MIGHTEE/COSMOS-3D: The discovery of three spectroscopically confirmed radio-selected star-forming galaxies at z=4.9-5.6
R. G. Varadaraj, A. Saxena, S. Fakiolas, I. H. Whittam, M. J. Jarvis, R. A. Meyer, C. L. Hale, K. Kakiichi, M. Li, J. B. Champagne, B. Jin, Z. J. Li, M. Shuntov
TL;DR
This work leverages deep MIGHTEE 1.3 GHz radio data in COSMOS, JWST COSMOS-Web WFSS spectroscopy, and extensive multi-wavelength photometry to identify and spectroscopically confirm three high-redshift radio sources powered by star formation at $z=4.9$--$5.6$. The sources have radio luminosities around a few ×$10^{24}$ W Hz$^{-1}$ and show star-formation–driven morphologies with SFRs ranging from roughly 100 to 1800 $M_yr^{-1}$, broadly consistent across UV/optical, Hα, and radio tracers.
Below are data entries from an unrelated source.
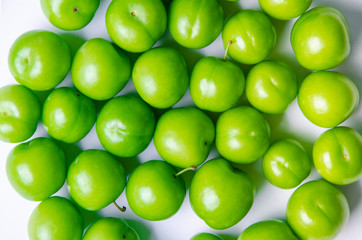 green plums on white ground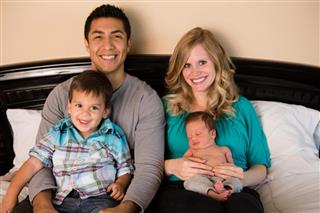 Happy Mixed-Race Family Sitting on Bed Together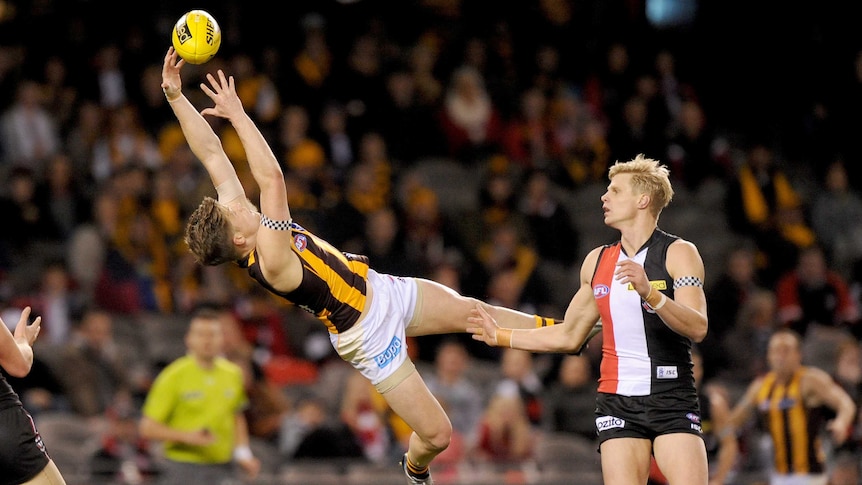 Hawthorn's Taylor Duryea takes a mark against St Kilda at Docklands.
Their steep radio spectra are consistent with inverse-Compton losses against the CMB at high redshift, which can bias radio-only SFRs high if not accounted for. The results demonstrate the feasibility of detecting and characterizing star-formation-dominated radio emitters at $z>4.5$, providing a dust-unbiased view of early star formation and informing expectations from the evolving radio luminosity function.
Abstract
Radio observations offer a dust-independent probe of star formation and active galactic nucleus (AGN) activity, but sufficiently deep data are required to access the crossover luminosity between these processes at high redshift ($z>4.5$). We present three spectroscopically confirmed high-redshift radio sources (HzRSs) detected at 1.3 GHz at $z=4.9$-$5.6$, with radio luminosities spanning $L_{\rm 1.3 \, GHz}\approx2$-$5\times10^{24} \, \rm W \, Hz^{-1}$. These sources were first identified as high-redshift candidates through spectral energy distribution (SED) fitting of archival Hubble, JWST NIRCam+MIRI, and ground-based photometry, and then spectroscopically confirmed via the $\rm H\,α$ emission line using wide-field slitless spectroscopy from JWST COSMOS-3D. The star formation rates (SFRs) measured from SED fitting, the $\rm H\,α$ flux, and the 1.3 GHz luminosity, span $\sim100$-$1800\, M_{\odot} \, \rm yr^{-1}$, demonstrating broad agreement between these SFR tracers. We find that these three sources lie either on or $0.5$-1.0 dex above the star-forming main sequence at $z=4$-6 and have undergone a recent burst of star formation. The sources have extended rest-UV/optical morphologies with no evidence for a dominant point source component, indicating that an AGN is unlikely to dominate their rest-UV and optical emission. Two of the sources have complex, multi-component rest-frame UV/optical morphologies, suggesting that their starbursts may be triggered by merging activity. These HzRSs open up a new window towards probing radio emission powered by star formation alone at $z> 4.5$, representing a remarkable opportunity to begin tracing star formation, independent of dust, in the early Universe.